The most widely available incentives in Southeast Asian countries are tax incentives—usually granted for a defined period and with certain eligibility criteria—and reduced duties on capital goods and raw materials used in export-oriented production. Moreover, all Southeast Asian countries have set up designated zones where investors can benefit from special tax benefits, infrastructure and streamlined administrative procedures. In addition to attracting FDI overall, many incentives provided by Southeast Asian countries aim to meet other development objectives, such as promoting investments in underdeveloped regions or attracting investments to certain types of industries and sectors. While the use of investment incentives is widespread in Southeast Asia, their actual impacts on foreign investors’ decisions about where to invest, in what and how much remain poorly understood. More importantly, the quantity of investments is not a sufficient indicator to judge the success of incentives. Instead, it is necessary to assess the impacts of incentive-induced FDI on the countries’ policy objectives
related to economic growth, social development and environmental sustainability.
Understanding such impacts can be challenging due to difficulties in assessing the costs and benefits of investment incentives and isolating the role of incentives from other factors. However, experiences in Southeast Asia have also shown that incentives are certainly not a sufficient condition for attracting FDI and a number of other factors—such as political stability, social and physical infrastructure, cost variable, the macroeconomic environment and institutional development—will be
equally if not more important in shaping FDI decisions.
For instance, political and economic instability in the Philippines and Indonesia in the 1980s and late 1990s respectively has deterred foreign investors despite
the availability of investment incentives. A number of studies have shown redundancy rates (i.e., would investments have been made anyway in the absence of incentives?) of somewhere between 70 and 80 percent in Vietnam, the Philippines and Indonesia.
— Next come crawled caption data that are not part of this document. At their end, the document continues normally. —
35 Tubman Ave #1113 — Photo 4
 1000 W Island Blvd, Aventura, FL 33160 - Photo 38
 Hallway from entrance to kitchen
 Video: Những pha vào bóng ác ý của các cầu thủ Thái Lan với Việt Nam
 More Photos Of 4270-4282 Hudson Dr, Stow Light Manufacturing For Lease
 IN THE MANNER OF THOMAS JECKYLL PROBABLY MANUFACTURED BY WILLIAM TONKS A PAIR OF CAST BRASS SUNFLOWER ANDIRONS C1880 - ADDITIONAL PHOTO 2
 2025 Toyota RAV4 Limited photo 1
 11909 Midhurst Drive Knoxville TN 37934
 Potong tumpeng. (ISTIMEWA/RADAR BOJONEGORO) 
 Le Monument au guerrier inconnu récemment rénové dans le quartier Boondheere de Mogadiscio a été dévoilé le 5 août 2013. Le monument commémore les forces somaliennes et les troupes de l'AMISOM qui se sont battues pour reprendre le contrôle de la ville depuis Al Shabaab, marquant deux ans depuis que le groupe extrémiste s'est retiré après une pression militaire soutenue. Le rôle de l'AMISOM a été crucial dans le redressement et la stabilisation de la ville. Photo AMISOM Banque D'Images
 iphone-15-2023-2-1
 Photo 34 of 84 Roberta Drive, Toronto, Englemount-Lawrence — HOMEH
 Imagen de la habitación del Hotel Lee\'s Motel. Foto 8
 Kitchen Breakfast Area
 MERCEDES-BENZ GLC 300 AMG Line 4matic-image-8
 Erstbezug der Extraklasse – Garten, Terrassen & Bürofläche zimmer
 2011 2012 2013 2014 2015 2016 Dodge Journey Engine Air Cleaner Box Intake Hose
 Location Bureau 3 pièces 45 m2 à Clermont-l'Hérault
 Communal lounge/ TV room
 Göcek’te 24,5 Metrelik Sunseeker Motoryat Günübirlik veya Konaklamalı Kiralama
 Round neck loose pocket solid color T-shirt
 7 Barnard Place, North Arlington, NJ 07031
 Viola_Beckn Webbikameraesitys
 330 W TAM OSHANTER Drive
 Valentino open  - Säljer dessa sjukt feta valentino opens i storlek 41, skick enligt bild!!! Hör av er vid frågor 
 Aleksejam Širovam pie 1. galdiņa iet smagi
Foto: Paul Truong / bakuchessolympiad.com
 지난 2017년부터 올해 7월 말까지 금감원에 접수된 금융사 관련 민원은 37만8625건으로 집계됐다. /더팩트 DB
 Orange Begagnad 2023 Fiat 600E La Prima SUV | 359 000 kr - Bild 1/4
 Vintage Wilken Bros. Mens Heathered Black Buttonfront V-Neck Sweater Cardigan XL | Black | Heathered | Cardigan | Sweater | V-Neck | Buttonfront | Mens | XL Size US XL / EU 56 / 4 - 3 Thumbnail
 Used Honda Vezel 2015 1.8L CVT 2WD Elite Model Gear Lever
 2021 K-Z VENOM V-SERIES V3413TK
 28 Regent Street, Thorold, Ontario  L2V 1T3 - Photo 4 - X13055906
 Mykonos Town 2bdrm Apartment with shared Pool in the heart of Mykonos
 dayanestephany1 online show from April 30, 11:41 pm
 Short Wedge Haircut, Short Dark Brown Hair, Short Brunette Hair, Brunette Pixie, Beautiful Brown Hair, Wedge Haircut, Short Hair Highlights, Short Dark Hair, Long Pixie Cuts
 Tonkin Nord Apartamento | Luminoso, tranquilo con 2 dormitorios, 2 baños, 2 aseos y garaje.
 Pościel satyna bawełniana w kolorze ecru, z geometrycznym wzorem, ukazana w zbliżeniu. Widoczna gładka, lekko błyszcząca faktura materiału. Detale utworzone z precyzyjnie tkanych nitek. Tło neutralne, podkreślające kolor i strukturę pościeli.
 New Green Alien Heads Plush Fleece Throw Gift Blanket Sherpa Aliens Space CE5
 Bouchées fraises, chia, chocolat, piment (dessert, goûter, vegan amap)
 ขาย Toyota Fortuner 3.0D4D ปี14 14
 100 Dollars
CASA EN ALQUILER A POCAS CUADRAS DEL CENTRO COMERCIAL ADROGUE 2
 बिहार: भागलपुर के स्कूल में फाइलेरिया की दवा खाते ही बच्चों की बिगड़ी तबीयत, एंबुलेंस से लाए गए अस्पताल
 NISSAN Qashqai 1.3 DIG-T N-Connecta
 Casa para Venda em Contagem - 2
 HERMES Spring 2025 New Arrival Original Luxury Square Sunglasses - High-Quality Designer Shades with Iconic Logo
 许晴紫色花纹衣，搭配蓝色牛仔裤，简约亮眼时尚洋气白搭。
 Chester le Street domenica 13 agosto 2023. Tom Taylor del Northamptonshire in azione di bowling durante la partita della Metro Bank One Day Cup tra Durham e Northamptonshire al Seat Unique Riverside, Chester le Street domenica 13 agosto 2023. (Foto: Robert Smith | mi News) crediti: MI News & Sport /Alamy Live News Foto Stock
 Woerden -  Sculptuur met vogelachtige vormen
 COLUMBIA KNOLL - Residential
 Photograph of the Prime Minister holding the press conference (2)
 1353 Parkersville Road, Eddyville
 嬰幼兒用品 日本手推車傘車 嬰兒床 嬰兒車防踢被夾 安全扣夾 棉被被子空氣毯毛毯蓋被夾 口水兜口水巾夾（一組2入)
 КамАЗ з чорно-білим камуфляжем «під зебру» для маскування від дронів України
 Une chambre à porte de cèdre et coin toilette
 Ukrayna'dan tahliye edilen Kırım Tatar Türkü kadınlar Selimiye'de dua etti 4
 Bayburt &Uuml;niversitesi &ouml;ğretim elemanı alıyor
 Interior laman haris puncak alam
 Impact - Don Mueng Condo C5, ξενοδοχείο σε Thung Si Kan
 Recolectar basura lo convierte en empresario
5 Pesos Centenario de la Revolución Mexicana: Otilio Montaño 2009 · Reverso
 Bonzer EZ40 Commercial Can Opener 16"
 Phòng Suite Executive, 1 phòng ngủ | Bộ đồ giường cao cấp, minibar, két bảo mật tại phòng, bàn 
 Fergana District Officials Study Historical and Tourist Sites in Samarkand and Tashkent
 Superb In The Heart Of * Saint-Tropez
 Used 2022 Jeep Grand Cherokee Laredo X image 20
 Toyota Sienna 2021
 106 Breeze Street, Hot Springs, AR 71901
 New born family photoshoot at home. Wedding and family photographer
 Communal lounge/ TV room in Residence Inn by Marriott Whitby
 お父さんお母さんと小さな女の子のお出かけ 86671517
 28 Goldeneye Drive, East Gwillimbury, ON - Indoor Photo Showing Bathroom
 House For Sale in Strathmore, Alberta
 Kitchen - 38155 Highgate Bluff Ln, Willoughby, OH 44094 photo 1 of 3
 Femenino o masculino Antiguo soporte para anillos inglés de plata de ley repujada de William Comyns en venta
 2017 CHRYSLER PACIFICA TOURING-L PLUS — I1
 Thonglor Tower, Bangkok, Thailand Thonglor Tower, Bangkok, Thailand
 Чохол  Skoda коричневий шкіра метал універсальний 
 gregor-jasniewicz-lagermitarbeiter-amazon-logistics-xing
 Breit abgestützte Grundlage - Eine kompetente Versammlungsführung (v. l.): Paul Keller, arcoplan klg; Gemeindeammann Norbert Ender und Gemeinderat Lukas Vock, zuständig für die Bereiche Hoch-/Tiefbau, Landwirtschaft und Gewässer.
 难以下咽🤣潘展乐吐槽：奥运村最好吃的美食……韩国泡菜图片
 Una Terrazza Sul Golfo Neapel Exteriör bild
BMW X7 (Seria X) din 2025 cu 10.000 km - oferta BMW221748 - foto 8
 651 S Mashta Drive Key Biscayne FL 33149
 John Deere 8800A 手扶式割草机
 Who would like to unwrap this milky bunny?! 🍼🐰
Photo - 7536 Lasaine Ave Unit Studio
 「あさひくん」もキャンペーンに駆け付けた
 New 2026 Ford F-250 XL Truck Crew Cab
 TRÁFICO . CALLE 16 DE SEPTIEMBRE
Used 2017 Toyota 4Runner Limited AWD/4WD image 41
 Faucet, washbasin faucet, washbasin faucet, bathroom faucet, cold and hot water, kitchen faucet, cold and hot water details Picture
The environmental impacts of investment incentives are seriously under-researched. Such impacts can occur where investment incentives increase the level of production or where the FDI projects themselves negatively affect the environment, such as in large-scale hydropower, mining or industrial agriculture projects. A FDI-induced growth in manufacturing industries, notably the electronics industry in Thailand and Malaysia, has raised serious environmental concerns related to pollution, high energy consumption and hazardous electronic waste. Concerns have also been raised that foreign enterprises may be attracted to an investment location to take advantage of lax environmental standards or that host governments may lower their environmental standards or fail to enforce them to attract foreign investors. Overall, however, there seems to be growing consensus that for most sectors, environmental standards play a less significant role in influencing FDI decisions than other cost factors.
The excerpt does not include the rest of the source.